Gabriele Fischer (Mitte) beim Besuch der SOS-Kinder.Welt mit dem Team Carola Vogl (li.) und Medina Ortner. Fotos: Land Tirol/Kathrein

Gabriele Fischer (Mitte) beim Besuch der SOS-Kinder.Welt mit dem Team Carola Vogl (li.) und Medina Ortner. Fotos: Land Tirol/Kathrein

Mehr als 10.000 Betreute in der SOS-Kinder.Welt

Von einer geschützten Umgebung für geflüchtete Kinder profitieren auch deren Eltern.

Ein geschützter Raum für geflüchtete Kinder sowie Kinder mit Flucht- und Migrationshintergrund – das war die Idee hinter der SOS-Kinder.Welt, die im Frühjahr 2016 von SOS-Kinderdorf ins Leben gerufen wurde. Mit einem vielfältigen Spiel-, Lern- und Förderangebot werden die Kinder gezielt auf Kindergarten und Schule vorbereitet. Spielerisch werden ihnen Alltagskompetenzen vermittelt. „Die Eltern erhalten in der Zwischenzeit die Möglichkeit, sich bei Kaffee und Tee auszutauschen oder einen professionellen, niederschwelligen Deutschkurs zu besuchen. An zwei Tagen in der Woche gibt es einen reinen Frauenkurs“, erzählen Carola Vogl, zuständig für Koordination und Organisation, und Medina Ortner, die verantwortliche Pädagogin.

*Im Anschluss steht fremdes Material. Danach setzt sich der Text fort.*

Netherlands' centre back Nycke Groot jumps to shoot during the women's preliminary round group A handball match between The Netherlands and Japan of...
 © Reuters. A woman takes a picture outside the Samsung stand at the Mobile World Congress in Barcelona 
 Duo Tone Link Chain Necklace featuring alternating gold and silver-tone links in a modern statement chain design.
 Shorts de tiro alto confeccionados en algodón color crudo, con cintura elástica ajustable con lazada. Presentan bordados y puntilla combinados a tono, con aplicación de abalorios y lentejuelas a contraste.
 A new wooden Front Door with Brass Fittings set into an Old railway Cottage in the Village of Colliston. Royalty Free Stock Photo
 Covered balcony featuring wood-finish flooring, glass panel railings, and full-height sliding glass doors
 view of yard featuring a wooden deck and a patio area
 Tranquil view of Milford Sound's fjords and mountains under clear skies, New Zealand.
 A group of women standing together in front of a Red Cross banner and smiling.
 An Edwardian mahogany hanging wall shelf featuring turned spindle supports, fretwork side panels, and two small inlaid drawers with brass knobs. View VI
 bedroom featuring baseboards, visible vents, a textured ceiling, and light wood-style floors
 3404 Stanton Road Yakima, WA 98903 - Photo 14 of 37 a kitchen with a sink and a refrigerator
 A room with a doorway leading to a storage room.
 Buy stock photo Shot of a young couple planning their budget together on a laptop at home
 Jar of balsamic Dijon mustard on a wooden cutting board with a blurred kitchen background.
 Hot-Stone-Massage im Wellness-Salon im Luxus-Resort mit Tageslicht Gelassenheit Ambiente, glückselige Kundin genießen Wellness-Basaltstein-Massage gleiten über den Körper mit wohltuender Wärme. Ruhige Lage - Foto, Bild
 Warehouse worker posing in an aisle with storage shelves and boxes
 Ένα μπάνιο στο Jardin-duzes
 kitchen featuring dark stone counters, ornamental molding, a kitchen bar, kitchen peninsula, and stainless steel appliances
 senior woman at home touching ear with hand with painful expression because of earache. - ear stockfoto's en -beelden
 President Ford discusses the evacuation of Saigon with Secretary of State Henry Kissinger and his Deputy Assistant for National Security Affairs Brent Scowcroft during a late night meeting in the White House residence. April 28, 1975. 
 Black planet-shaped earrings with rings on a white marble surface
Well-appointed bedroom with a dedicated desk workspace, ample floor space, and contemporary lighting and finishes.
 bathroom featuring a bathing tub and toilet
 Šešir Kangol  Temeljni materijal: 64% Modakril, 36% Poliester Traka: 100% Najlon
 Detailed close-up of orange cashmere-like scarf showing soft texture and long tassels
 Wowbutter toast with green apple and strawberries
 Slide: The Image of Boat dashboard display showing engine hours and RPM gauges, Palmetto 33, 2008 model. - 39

Ergänzt wird dieses Angebot für die Erwachsenen durch Spezialworkshops, beispielsweise zu den Themen Partnerschaft oder Erziehung. „Niederschwellige Integrationsmaßnahmen sind Teil des Impulspakets Soziales. Die SOS-Kinder.Welt wird vom Land Tirol daher mit 30.600 Euro unterstützt“, erklärt Gabriele Fischer (Grüne), die zuständige Soziallandesrätin. „Gerade die Zeit nach einer oft dramatischen Flucht und dem Ankommen in der Fremde ist eine besonders sensible und belastende Zeit für die ganze Familie. Es ist daher wichtig, dass vor allem die Jüngsten die Möglichkeit haben, einmal einfach nur Kinder zu sein.“

Das Land Tirol unterstützt die SOS Kinder.Welt finanziell. Landesrätin Gabriele Fischer nützt den Lokalaugenschein in Innsbruck für eine Runde UNO mit Flüchtlingskindern.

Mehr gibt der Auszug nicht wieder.